“I’m a detective. You know Miss Nadia is dead—her family buried her yesterday. I want to look for evidence in her apartment.”
He shook his head. “You’re too late. Someone else was in here yesterday, and they said the same thing, that they were detectives looking for evidence. I saw them going in, and when I asked them for identification, they showed me their guns instead.”
“Did you call 911?”
“Why, when everyone knows the police themselves are operating burglary rings in this neighborhood? And you? Are you also a detective whose identification is a gun?”
I fished my wallet out of my briefcase and showed him the laminated copy of my PI license. “I’m a private investigator. I’ve been hired to uncover the reason for Miss Nadia’s murder.”
“They made an arrest. I saw it was some lovers’ quarrel.”
“They make wrongful arrests every day,” I said.
The neighbor nodded, and started an involved story about his sister’s second son. I went into Nadia’s place and found a light switch. The neighbor, still talking, followed me in, but he fell silent when he saw the chaos created by yesterday’s “detectives.” Whoever had been searching, whatever they’d been looking for, they’d done a thorough job of tossing books from shelves and DVDs from their cases.

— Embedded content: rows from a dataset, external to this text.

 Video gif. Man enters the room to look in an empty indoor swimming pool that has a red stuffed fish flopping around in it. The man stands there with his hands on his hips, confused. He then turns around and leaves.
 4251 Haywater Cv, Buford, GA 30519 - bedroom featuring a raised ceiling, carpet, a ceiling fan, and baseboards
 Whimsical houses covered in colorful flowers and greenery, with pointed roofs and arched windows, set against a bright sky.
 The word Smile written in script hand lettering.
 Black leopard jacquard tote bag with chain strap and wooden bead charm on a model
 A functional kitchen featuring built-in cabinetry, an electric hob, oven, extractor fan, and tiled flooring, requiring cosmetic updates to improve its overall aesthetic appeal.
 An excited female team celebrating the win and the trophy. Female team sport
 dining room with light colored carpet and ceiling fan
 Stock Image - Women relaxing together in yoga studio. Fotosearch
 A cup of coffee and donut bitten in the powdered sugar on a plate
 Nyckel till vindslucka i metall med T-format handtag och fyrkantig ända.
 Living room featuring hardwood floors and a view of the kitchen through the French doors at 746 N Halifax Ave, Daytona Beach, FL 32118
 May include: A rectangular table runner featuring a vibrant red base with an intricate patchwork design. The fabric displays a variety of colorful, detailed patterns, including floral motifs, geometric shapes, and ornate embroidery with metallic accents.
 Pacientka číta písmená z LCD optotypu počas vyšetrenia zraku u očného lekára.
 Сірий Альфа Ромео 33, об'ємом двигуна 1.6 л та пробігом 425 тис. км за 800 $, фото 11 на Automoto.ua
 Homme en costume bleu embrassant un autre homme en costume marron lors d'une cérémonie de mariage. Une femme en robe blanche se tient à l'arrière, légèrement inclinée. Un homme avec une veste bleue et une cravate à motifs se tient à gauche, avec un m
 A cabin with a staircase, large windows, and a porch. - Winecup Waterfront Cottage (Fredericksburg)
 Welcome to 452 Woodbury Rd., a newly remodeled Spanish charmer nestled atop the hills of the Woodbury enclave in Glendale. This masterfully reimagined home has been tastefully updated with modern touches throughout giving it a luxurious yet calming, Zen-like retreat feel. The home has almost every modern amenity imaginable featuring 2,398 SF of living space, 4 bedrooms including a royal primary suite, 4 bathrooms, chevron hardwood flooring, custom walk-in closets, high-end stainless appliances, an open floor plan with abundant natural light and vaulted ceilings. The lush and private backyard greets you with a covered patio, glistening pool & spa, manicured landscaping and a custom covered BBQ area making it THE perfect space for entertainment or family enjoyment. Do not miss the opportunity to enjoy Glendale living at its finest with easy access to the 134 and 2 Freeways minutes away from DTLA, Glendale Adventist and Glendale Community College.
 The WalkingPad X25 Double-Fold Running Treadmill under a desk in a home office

Like every artist I’ve known, Nadia covered her walls with pictures, masks, unusual found objects. Most of these had been flung to the floor, the hooks and the dust outlines on the walls showing where they’d once hung.
“Have you been in here before?” I asked the neighbor.
“I didn’t take anything,” he said. “You can’t accuse me of that.”
I looked at him closely. “So you have been in here. That was you in here yesterday, not people pretending to be detectives.”
“That isn’t true!” he cried. “They really came. I only wondered why. And they hadn’t locked the door when they left.”
“So you locked up behind them? How did you have a key to Ms. Guaman’s dead bolt?”
“She gave it to me. In case there was an emergency. Or to feed her cat when she was out of town.”
I had a hard time picturing the shy, intense Nadia with a life that took her out of town. Although maybe she’d gone around the country hunting for her dead sister’s lovers. People do odd things when they’re gripped by an obsession.
I walked through the apartment’s three rooms. In the bedroom, I found the one piece of art left on the walls: a crucifix, where the head of Jesus had been replaced by the head of a girl taken from an old doll. The hair had been pulled from the doll’s head and wrapped around the hands of the crucified Christ. The image was profoundly disturbing, not what I would want to wake to.
I realized there were no signs of a cat, no litter box, no food or water dishes. “Where is the cat?”
“In my home. When I learned Miss Nadia was dead, I took in the cat. She called it Ixcuina, after some old goddess. A strange name for an animal, but it is a strange animal.”
I looked from the dismantled apartment to his flushed face. I didn’t believe that he hadn’t been here yesterday, but I also didn’t think he would have destroyed the apartment if he’d been inside surreptitiously.
“So, Mr.—?”
“Urbanke,” he muttered, defensive.
“So, Mr. Urbanke, as a frequent visitor to Ms. Guaman’s, can you tell me what yesterday’s fake detectives might have taken with them? Can you tell if any of her art is missing?”
He looked around slowly but shook his head. “It—I can’t tell, with everything on the floor like this. Maybe if I put the pictures back on the wall . . .”
We spent the next hour or so matching artwork to dim outlines. We worked our way through the apartment’s three rooms, but at the end, even though there were still some gaps on the walls, Urbanke couldn’t tell what was gone.
“Besides,” he added, “she was always bringing in something new, taking down something she was tired of. It was like a museum, her private museum, where the exhibits were always changing. The one thing I don’t see is her computer. She kept it here.”
He pointed at a worktable in the corner of the apartment’s big front room. The table was built for artists or drafters; one half could be lifted up and down at different angles, depending on how the person liked to work, while the other half remained flat. The flat space, Nadia’s office worktop, held bills and a scattered pile of sketches. The charger for the computer was still plugged into the wall, but of the computer itself there was no trace.